● WORK INSTRUCTION
Retype the records in full, keeping each character as it is.

● DATA LISTING
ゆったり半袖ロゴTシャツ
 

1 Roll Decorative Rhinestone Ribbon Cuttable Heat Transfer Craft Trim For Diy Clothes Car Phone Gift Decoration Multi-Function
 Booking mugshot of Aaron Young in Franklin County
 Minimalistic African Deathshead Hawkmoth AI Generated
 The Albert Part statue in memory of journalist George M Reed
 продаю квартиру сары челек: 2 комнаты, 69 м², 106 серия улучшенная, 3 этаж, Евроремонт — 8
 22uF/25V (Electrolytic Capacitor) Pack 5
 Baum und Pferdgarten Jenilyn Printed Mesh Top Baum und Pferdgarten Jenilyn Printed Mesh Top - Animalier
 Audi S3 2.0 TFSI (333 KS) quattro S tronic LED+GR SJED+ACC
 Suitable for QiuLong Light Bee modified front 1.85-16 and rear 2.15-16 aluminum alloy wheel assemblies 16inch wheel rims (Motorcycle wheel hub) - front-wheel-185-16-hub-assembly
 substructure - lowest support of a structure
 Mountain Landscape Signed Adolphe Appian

● EXERCISE RESULT
ゆったり半袖ロゴTシャツ
 

1 Roll Decorative Rhinestone Ribbon Cuttable Heat Transfer Craft Trim For Diy Clothes Car Phone Gift Decoration Multi-Function
 Booking mugshot of Aaron Young in Franklin County
 Minimalistic African Deathshead Hawkmoth AI Generated
 The Albert Part statue in memory of journalist George M Reed
 продаю квартиру сары челек: 2 комнаты, 69 м², 106 серия улучшенная, 3 этаж, Евроремонт — 8
 22uF/25V (Electrolytic Capacitor) Pack 5
 Baum und Pferdgarten Jenilyn Printed Mesh Top Baum und Pferdgarten Jenilyn Printed Mesh Top - Animalier
 Audi S3 2.0 TFSI (333 KS) quattro S tronic LED+GR SJED+ACC
 Suitable for QiuLong Light Bee modified front 1.85-16 and rear 2.15-16 aluminum alloy wheel assemblies 16inch wheel rims (Motorcycle wheel hub) - front-wheel-185-16-hub-assembly
 substructure - lowest support of a structure
 Mountain Landscape Signed Adolphe Appian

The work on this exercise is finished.